Eric Ernest Johnson’s head is bent down over his Technics turntable as he delicately drops a needle onto one of his all-time favorite albums, Listening to Richard Brautigan. It is late at night in his Craftsman home, a few blocks north of Koreatown.

“This is a prime example. This is exactly what I am talking about,” says Johnson, who is 38. A huge smile beams across his face. “I used to read Richard Brautigan poems really, really fast and then I heard this. It changed everything! Absolutely balls out.”

Johnson steps back as the sound of Brautigan fills the dimly lit wood room that serves as his home office and creative workshop. It is stuffed with Johnson’s beloved tokens and images: his ’60s paperback collection; his grandmother’s Olympia typewriter, which he still uses; a four-track recording device; a dream catcher made by an Ojibwe friend; a wicker animal head from Spain; an 8-by-10 of the late actor John Ritter; a 13-star American flag; a small poster from his friend Miranda July’s new play Things We Don’t Understand and Are Definitely Not Gonna Talk About.

The relaxed voice of Brautigan, one of Johnson’s favorite ’60s icons, crackles and pops through the speakers, his delivery methodical and slow, conjuring a beatnik Kermit the Frog. Soon Johnson, who is on his fourth glass of wine, puts down his Parliament and moves the needle to another selection on the 1970 recording: Brautigan preparing to take a bath in his Haight-Ashbury apartment. The sound of Brautigan’s pants hitting the wood floor is soon followed by the sound of running water.

“He is getting undressed to take a bath, on a record,”Johnson says, reaching for his wine and jutting his chin in the direction of the stereo, relishing each simple sound that has been captured on the lo-fi record.

Johnson, who grew up just 10 blocks from here, is a poet, a painter, a musician (he and his wife, music supervisor Margaret Yen, front the band Fleshpot) and a carpenter. He supplements his income by being a handyman to the stars. In fact, it was during the few months he spent building wheelchair ramps in 1991 for the now-deceased writer Andre Dubus (We Don’t Live Here Anymore) that Johnson picked up his smoking and wine-drinking habit, something he has excelled at since.

Tonight he built and stained a custom-designed cabinet for a client, then showered, played with his cat, ate dinner with his wife, and is now listening to this album, which came from his substantial vintage vinyl collection housed footsteps away. Each album is covered in plastic and carefully filed.

Recently Johnson began reading his own poetry in public after more than a decade away from public readings. In the past few months he has been reading at live music performances around town: Mike Andrews’ residency at Tangier, a weekend of dates at El Cid that Johnson put together with Devendra Banhart, a few nights at the Echo with the band Entrance and an impromptu reading before Jonathan Wilson and Ramblin’ Jack Elliot, also at Tangier.

“I think it is extremely important to have the reader read [poems] in their own mind. But I really am interested in the opportunity to read them how I feel them. There is a total difference.”

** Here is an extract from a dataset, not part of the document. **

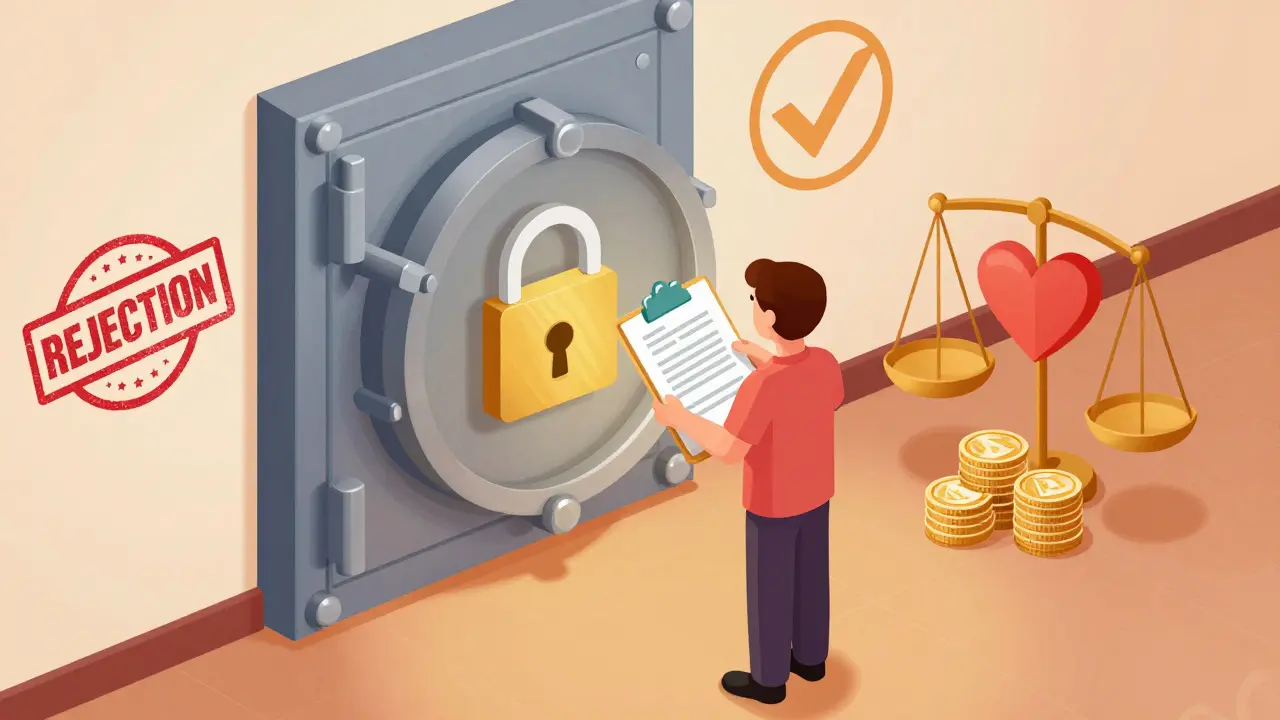 Patient filing insurance exception request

Is poetry just about looking back at life and representing it?

“It is the best translation of the moment. If you can show where we’re at, at this moment, then you’ve got them.” With Brautigan’s record, for instance, Johnson says, “You are in that room. You are there. And, that is the ultimate. I get off on just hearing him walk around his apartment. Dropping his coins on the floor and hearing the penny roll down the hall, whatever. I am there. He got me.”

Johnson hopes to come out with a new book of poems this year called My Friend, My Refrigerator. He might just publish it himself, like the “rags” he published 15 years ago and sold at the former Big and Tall Books on Beverly Boulevard.

What constitutes a rag?

“A rag would be a visit to Kinko’s and basically spending a couple hours on your printer. Like the Beats used to do.”

Johnson pulls some rag samples off a shelf: early Gary Snyder paperbacks with black-and-white photography on the covers, a first-edition Brautigan he lifted from the library.

“This is bad,” he says, tapping the library book and curling up his mouth.

“It’s thievery, but I had to have it.”

Are these your favorite books?

“These are my favorite poets. Nanao Sakaki, Gary Snyder, Kerouac — I love his passion. I definitely like collecting these books. I like the way they feel. I like anything from this era ’cause their whole voice was on the page. People read this stuff. They would buy these little books . . . Kerouac was someone who didn’t have any agenda other than spilling it out. Certainly drug induced, but he did it! And for that moment he was so honest.”

It’s quiet for a moment, except for the sound of the stylus running over the gap between album cuts through Johnson’s vintage JBL speakers (they were once his parents’). But soon Brautigan’s voice is heard again: “Some short stories about California — this story is about contemporary life in California.”